[[ Record set, beginning ]]
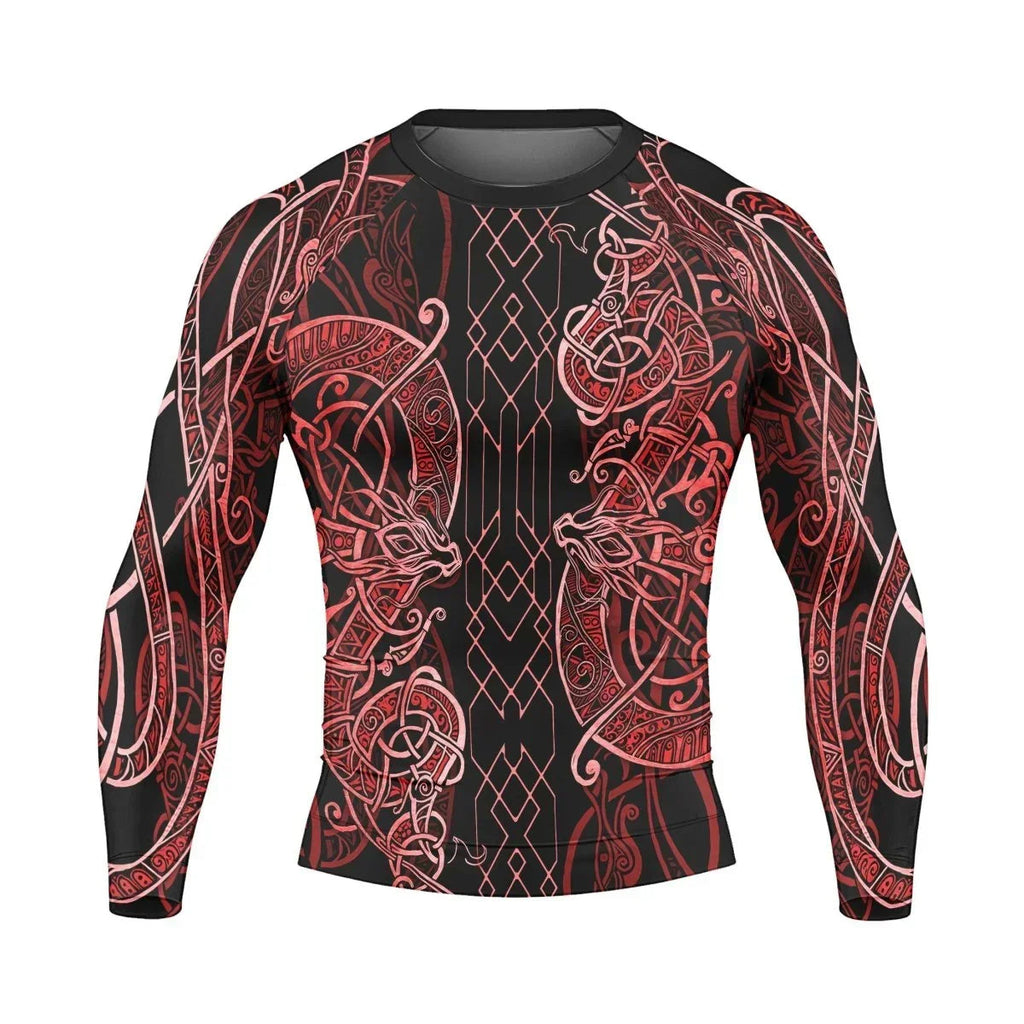 Viking Dragon Long Sleeve Rash Guard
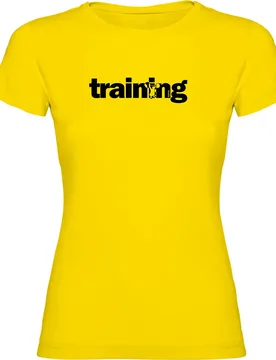 T-shirt à Manches Courtes Word Training Yellow XL - Kruskis - FashionsVida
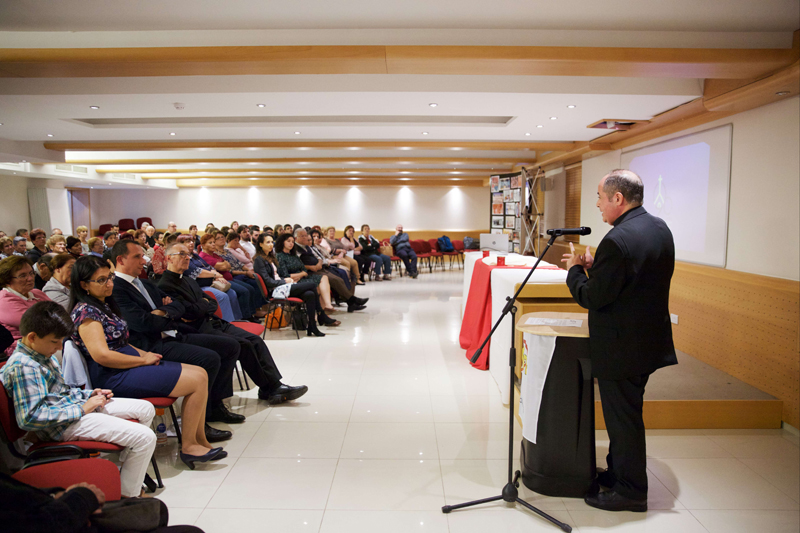 Bishop Galea Curmi Addressing AKM Members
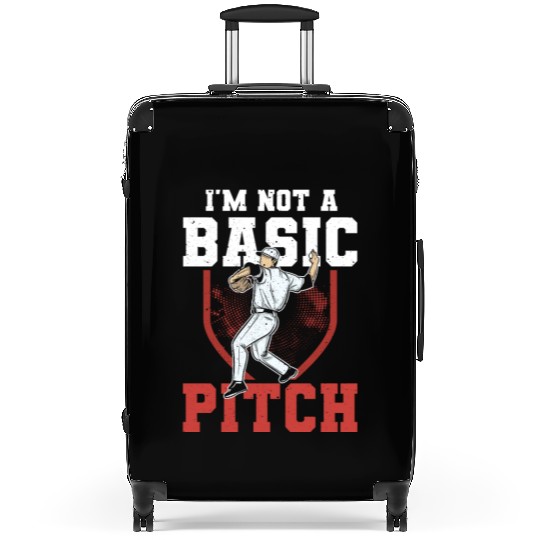 Funny Baseball Pitcher Suitcases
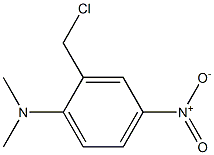 2-(chloromethyl)-N,N-dimethyl-4-nitroaniline Struktur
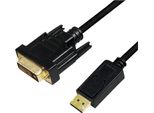 Logilink Logilink CV0132 Cavo Video Adattatore 3 M Displayport Dvi Nero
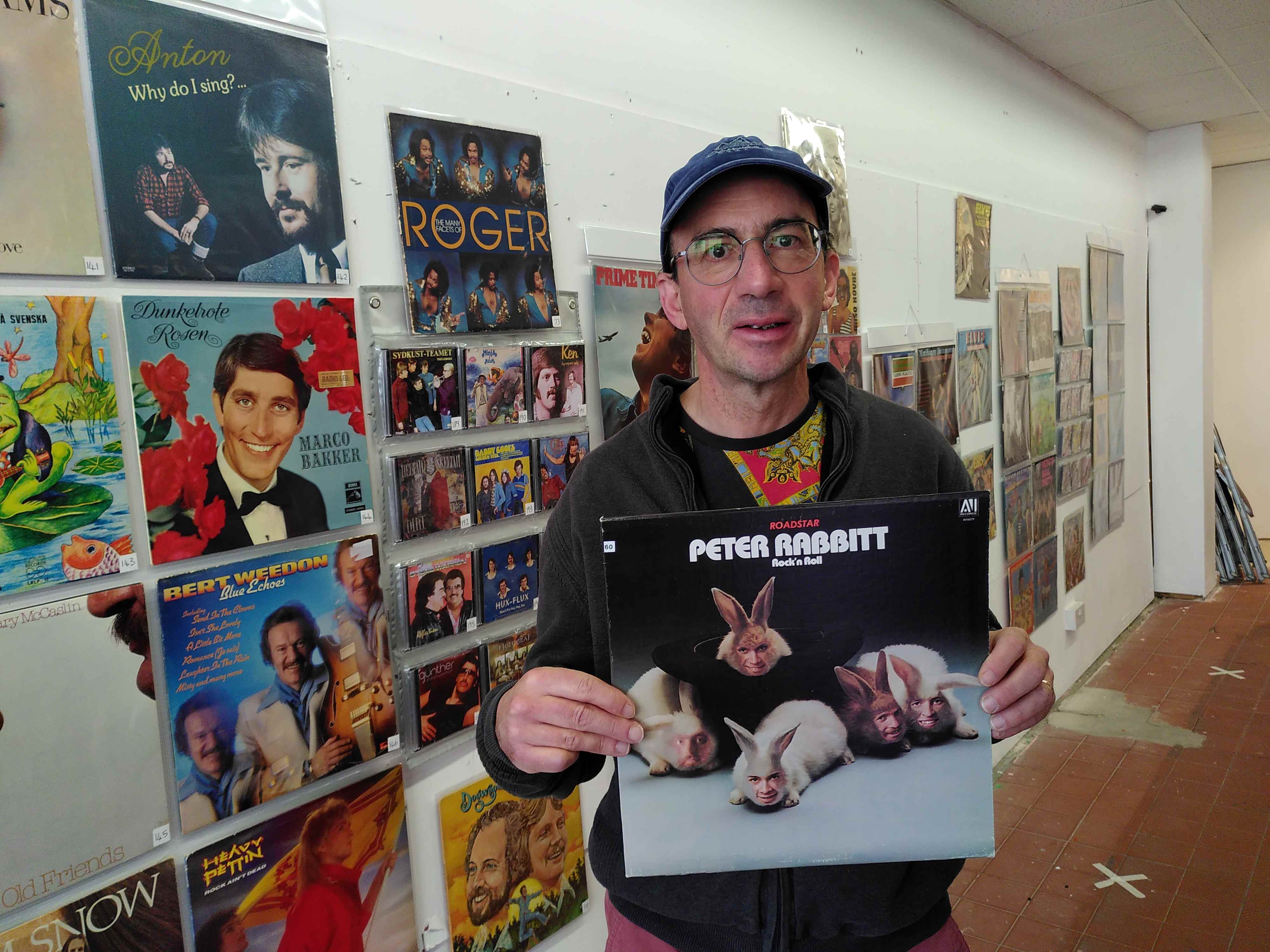 Steve Goldman with the album Peter Rabbitt- the first in his collection-114358.jpg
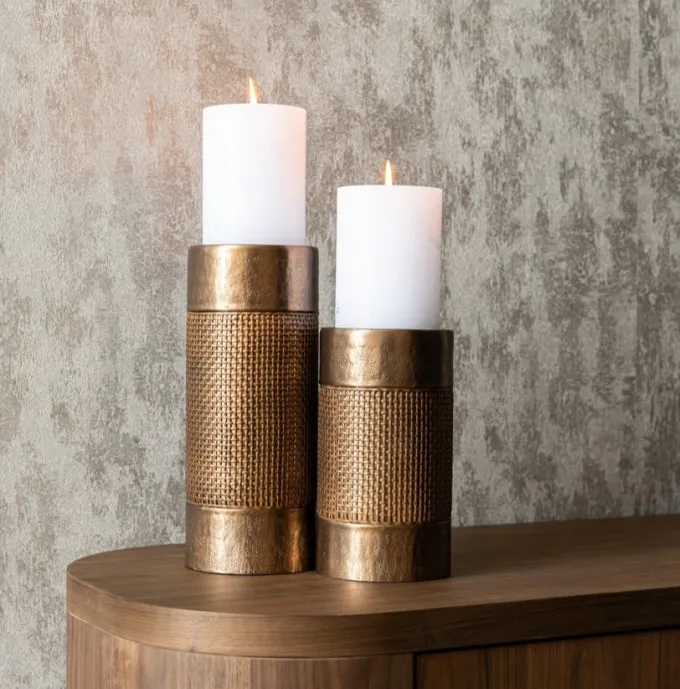 Richmond Interiors Kandelaar Aya brushed goud klein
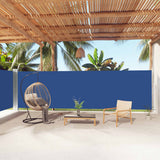 Vidaxl forrude udvides 180x1000 cm blå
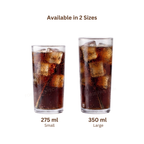 CLARENCE, Highball unbreakable plastic glass, set of 6, clear, 350 ml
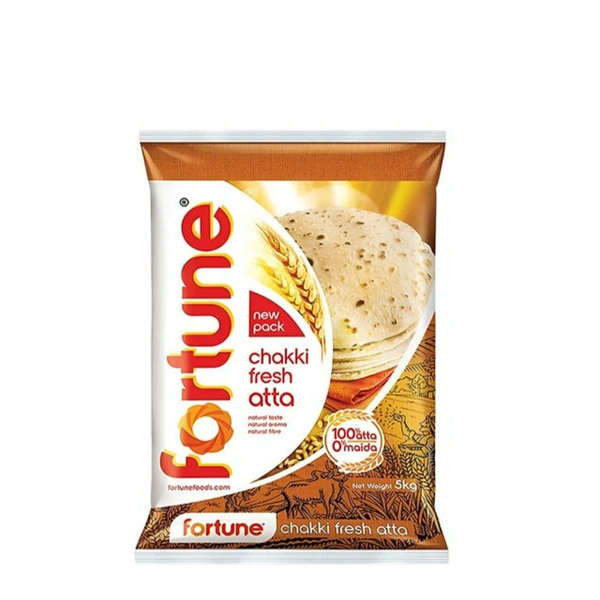 Fortune Chakki Fresh (100% Atta, 0% Maida) Atta (5kg)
[[ Record set, end ]]
Starting at the line containing "T-shirt à Manches" and finishing at the line containing "Steve Goldman with", return those lines exactly as they appear above, without the pictures.

 T-shirt à Manches Courtes Word Training Yellow XL - Kruskis - FashionsVida
 Bishop Galea Curmi Addressing AKM Members
 Funny Baseball Pitcher Suitcases
 2-(chloromethyl)-N,N-dimethyl-4-nitroaniline Struktur
 Logilink Logilink CV0132 Cavo Video Adattatore 3 M Displayport Dvi Nero
 Steve Goldman with the album Peter Rabbitt- the first in his collection-114358.jpg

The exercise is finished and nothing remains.